During the Covid-19 pandemic, Mr Gershkovich interviewed medical students forced to treat infected patients and statisticians who were concerned the state was fudging Russia's case numbers.

Many of his fellow reporters in Russia quickly became his friends, including the BBC's Will Vernon and James Beardsworth.

Everyone was "impressed by his drive, his knowledge of Russia's language and culture, his ease at making contacts, and his willingness to go the extra mile", the New Yorker's Joshua Yaffa writes.

After a brief stint at the Agence France-Presse (AFP) wire service, he joined the Wall Street Journal in January 2022.

A month later, Russia invaded Ukraine and a package of war-time censorship laws forced Mr Gershkovich and other reporters to flee the country, unsure of how to continue their work.

The US citizen would arrange with the Journal to be based in London but go into Russia on assignment for two or three weeks at a time before returning to the UK.

He travelled around the massive country with a valid Russian visa and proper journalistic accreditation, but was reportedly often followed during his visits.

His last Journal article, in March 2023, covered how the strain of a war entering its second year and the bite of Western sanctions had harmed the Russian economy.

His ordeal began roughly two months later during his reporting trip to Yekaterinburg, a major Russian industrial hub.

Image source, Getty Images
Image caption,

Mr Gershkovich was sentenced to 16 months in prison

Russian authorities say the American was "caught red-handed" with "classified information" while reporting in the city.

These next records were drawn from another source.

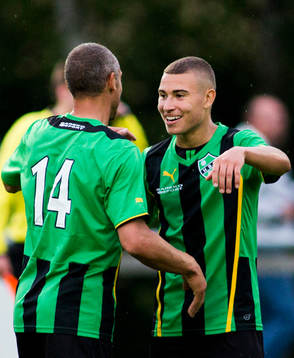 Henrik Larsson, Högaborgs BK kramar om sin son Jordan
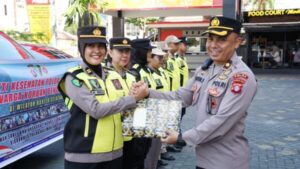 Peduli Korban Banjir, Polda Kalteng Kirim Tim Kesmob Rumkit Bhayangkara Ke 3 Kabupaten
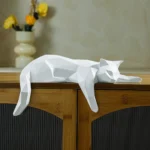 Statua gatto bianco e nero sdraiato in stile moderno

The Journal's editor-in-chief told the BBC earlier this year that is "complete, total and utter nonsense".

Western politicians roundly condemned Russia when it found the journalist guilty of espionage last month and sentenced him to 16 years in prison.

US President Joe Biden said Mr Gershkovich had "committed no crime" and was "targeted by the Russian government because he is a journalist and an American".

"Evan has endured his ordeal with remarkable strength," Mr Biden added.

Mr Gershkovich has sent and received letters from friends, family and supporters throughout his detention in Moscow's Lefortovo prison, where Russia has held high-profile political prisoners and dissidents since Tsarist times.

Danielle Gershkovich has spoken of their correspondence as light and reassuring.

"We have a lot of sibling banter back and forth, a lot of teasing with love," she told the BBC earlier this year.

Her brother has even managed to surprise the family while locked away.

"On International Women's Day, he arranged for the women in his life to receive bouquets," she said.

"We want him to focus on himself and there he was taking care of us."